I'm having trouble finding which SNPs have been pruned after LD pruning. I want to be able to list those loci that are being removed so I can remove them from my dataset for future analyses. I'll be honest that I am very new to this stuff!
Here is my code (forgive me for any errors!):
library(gdsfmt) library(SNPRelate) ### File Conversion - VCF to GDS ### vcf.fn <- "H:PhD Research/UNEAK_Bat_West1+3+4/Filtered Data/CORA 50%.vcf" snpgdsVCF2GDS(vcf.fn, "CORA.gds", method="biallelic.only") snpgdsSummary("CORA.gds") setwd("H:/PhD Research/UNEAK_Bat_West1+3+4/SNPRelate/") ### Clean-up Linkage Disequilibrium ### CORA.gds <- snpgdsOpen("CORA.gds", readonly=FALSE, allow.duplicate=TRUE, allow.fork=FALSE) set.seed(1000) snpset <- snpgdsLDpruning(CORA.gds, ld.threshold=0.8) names(snpset) head(snpset$chr0) snp.id <- unlist(snpset) read.gdsn(index.gdsn(CORA.gds, "snpset"))

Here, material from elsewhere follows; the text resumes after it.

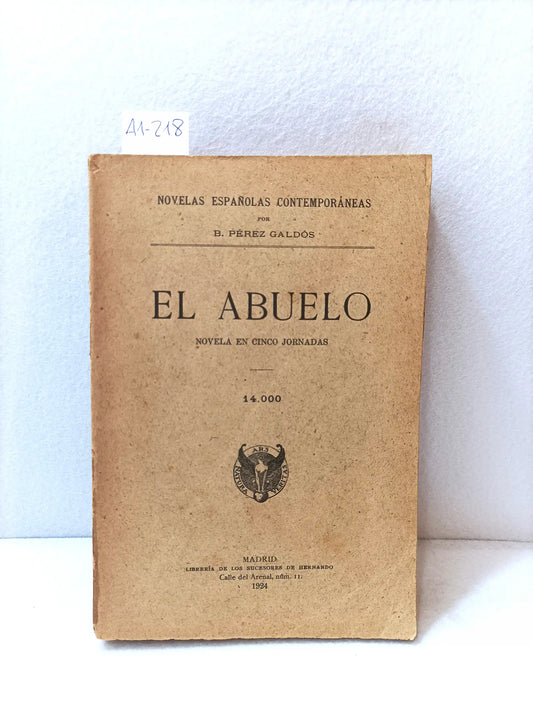 El abuelo.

I'm trying to read the GDS field in the last line but can't seem to get an output. Instead I get an error:
Error in inherits(node, "gdsn.class") : No such GDS node "snpset"!

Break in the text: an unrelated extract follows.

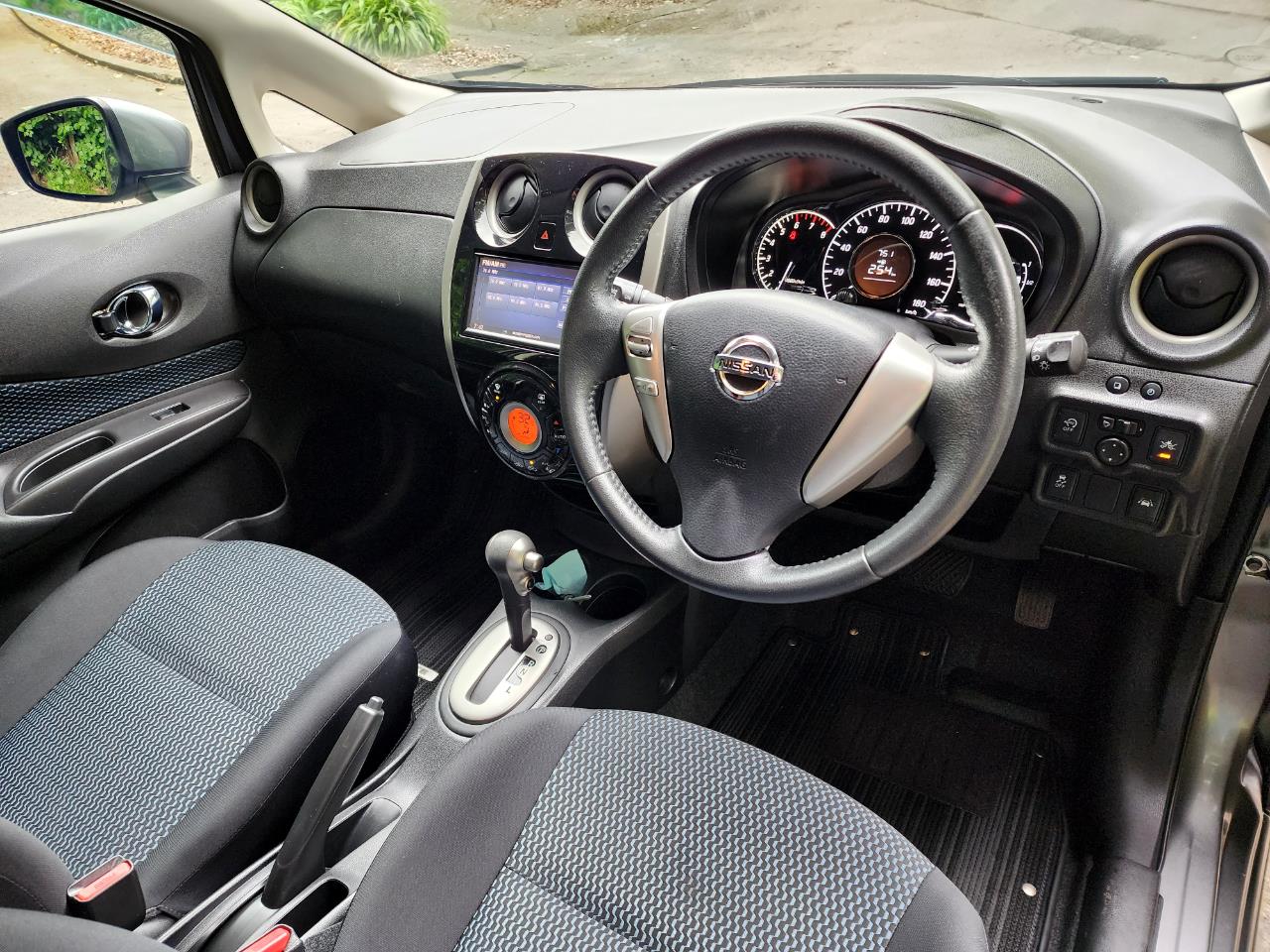 2015 Nissan Note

I'm also trying to calculate HWE equilibrium and have come across very little documentation on how to do this, but here is my code:
### Clean-up HWE ### CORA.gds <- snpgdsOpen("CORA.gds", readonly=FALSE, allow.duplicate=FALSE, allow.fork=FALSE) sample.id <- read.gdsn(index.gdsn(CORA.gds, "sample.id")) p <- snpgdsHWE(CORA.gds, sample.id=NULL, snp.id=NULL, with.id=TRUE) summary(p) plot(-log10((1:length(p))/length(p)), -log10(p[order(p)]), xlab="-log10(expected P)", ylab="-log10(observed P)", main="QQ Plot")
Any advice at all on any of these aspects would be much appreciated!